Records from a data collection:
★ ★ ★

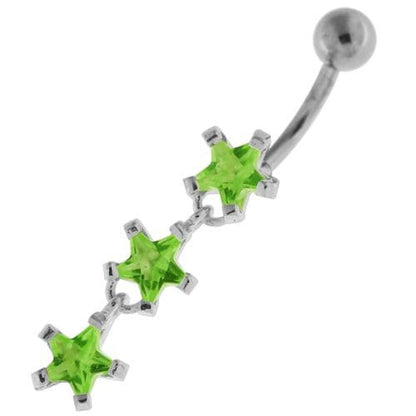 Dangling Tri Stars Sterling Silver Navel Belly Button Bar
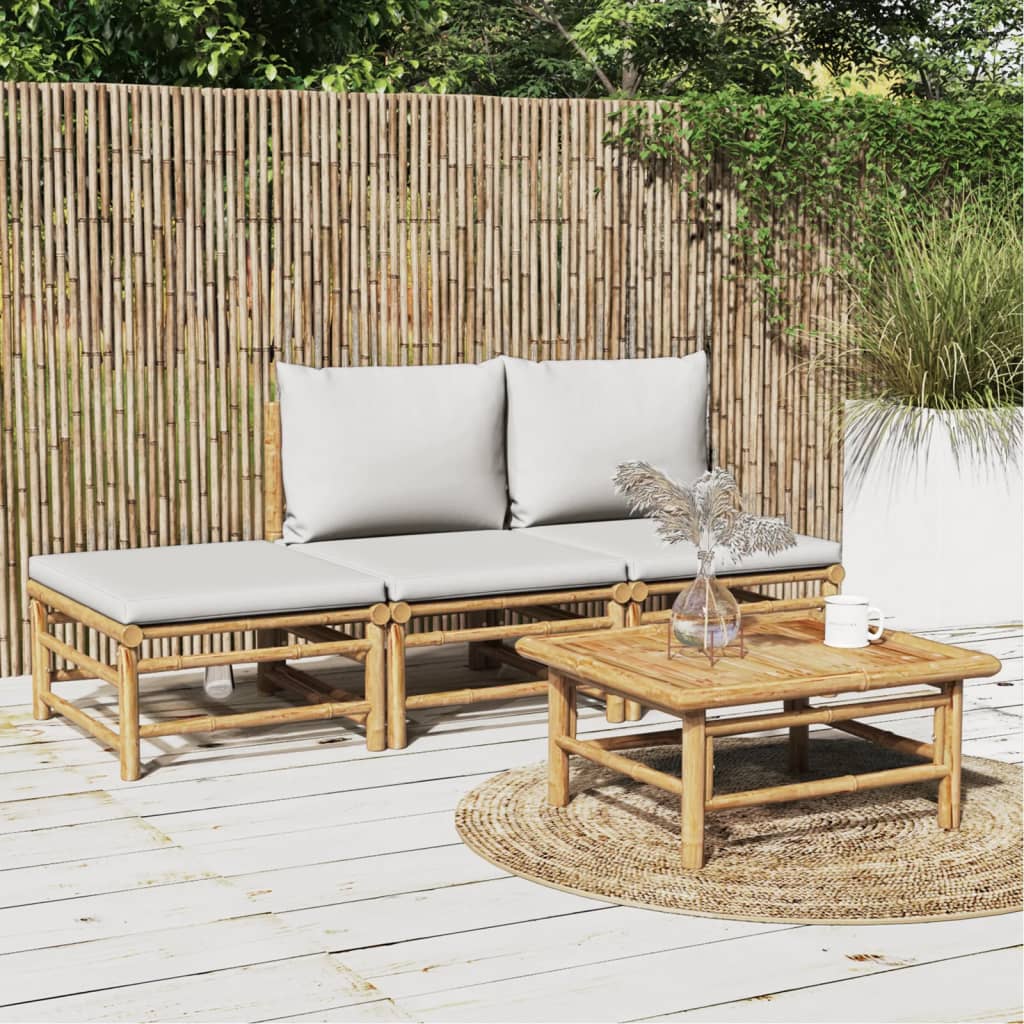 vidaXL 6-delige Loungeset met kussens bamboe lichtgrijs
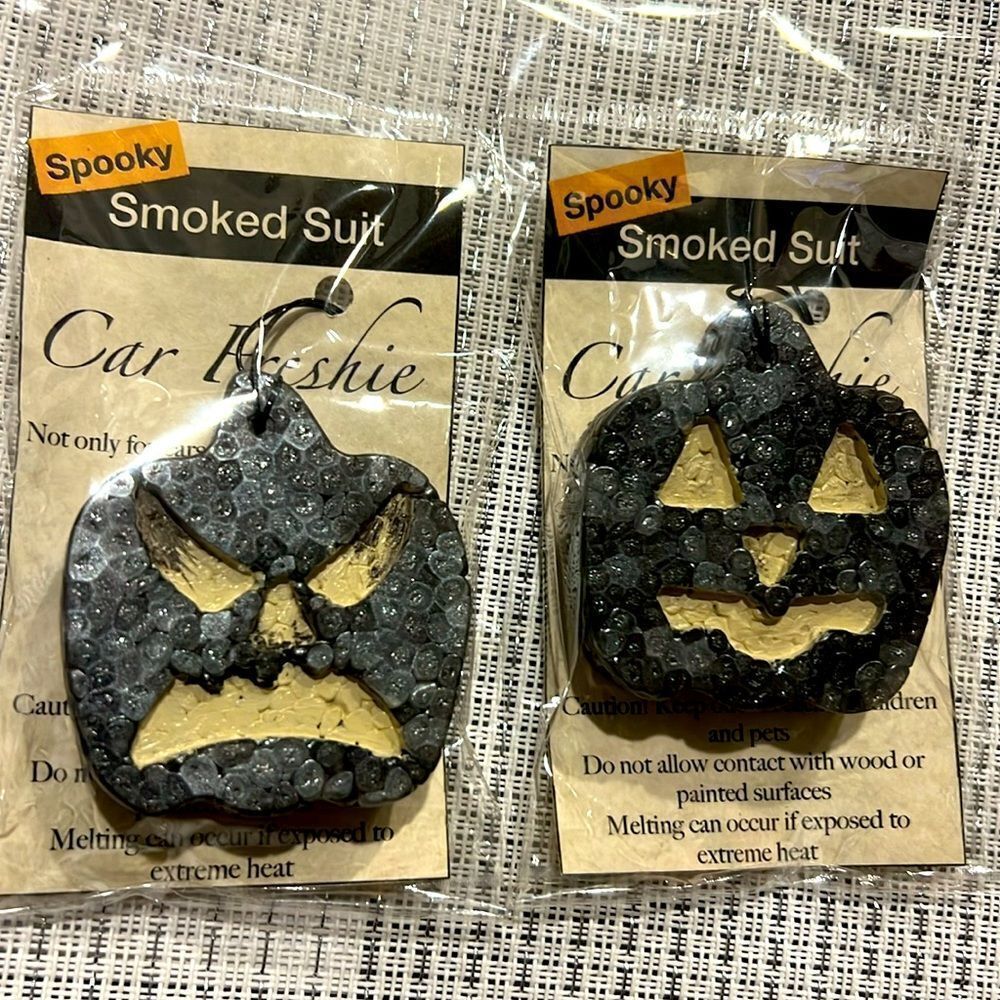 Halloween Pumpkin Car Freshies Pack of 2 in Smoked Suit
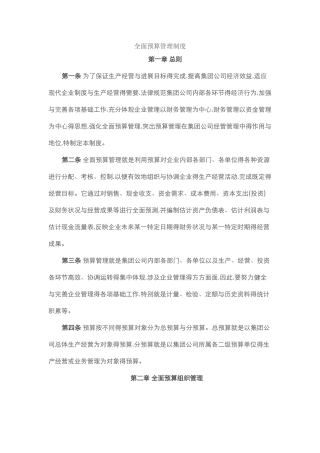 全面预算管理制度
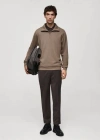 Mango Man Sweatshirt Zipper Anti-odor Technology Mink Grey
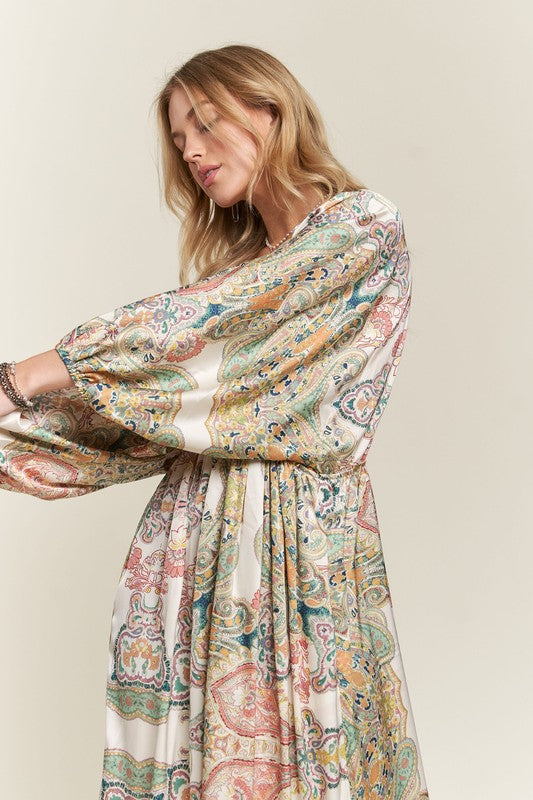 Heart's Desire Printed V-Neck Batwing Sleeve Dress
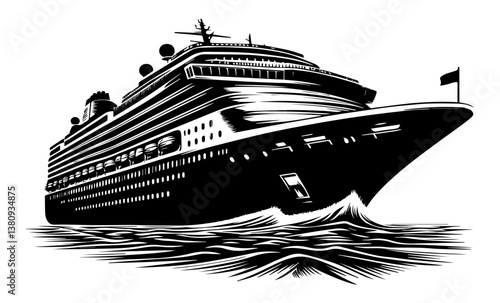 A black and white silhouette of a cruise ship on a white isolated background. Vector graphics. EPS.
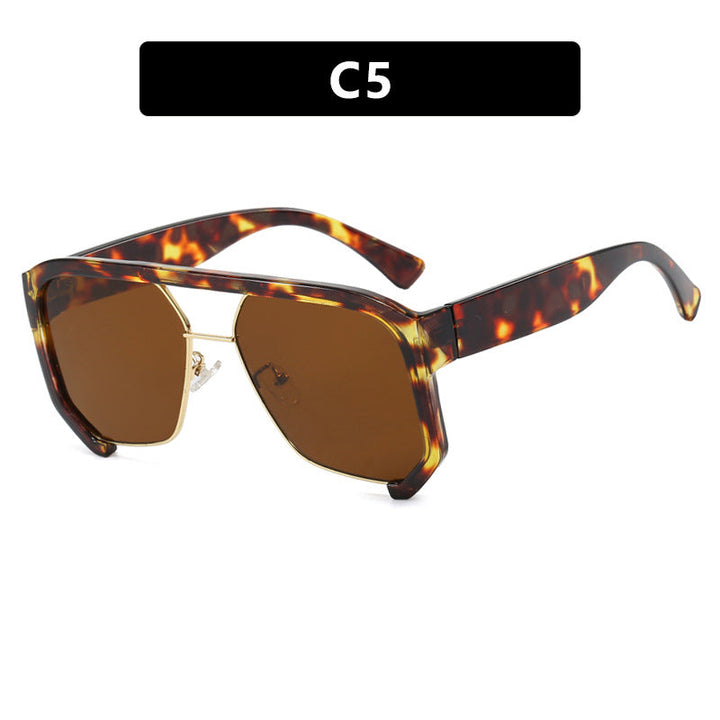 Ladies fashionable oversized sunglasses with elegant, faceted frame construction Kalsten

★ ★ ★

* _WHAT YOU ARE ASKED TO DO_
Your answer must be an exact reproduction of all entries, containing no pictures.

* _EXERCISE RESULT_
 Dangling Tri Stars Sterling Silver Navel Belly Button Bar
 vidaXL 6-delige Loungeset met kussens bamboe lichtgrijs
 Halloween Pumpkin Car Freshies Pack of 2 in Smoked Suit
 全面预算管理制度
 Mango Man Sweatshirt Zipper Anti-odor Technology Mink Grey
 Heart's Desire Printed V-Neck Batwing Sleeve Dress
 A black and white silhouette of a cruise ship on a white isolated background. Vector graphics. EPS.
 Ladies fashionable oversized sunglasses with elegant, faceted frame construction Kalsten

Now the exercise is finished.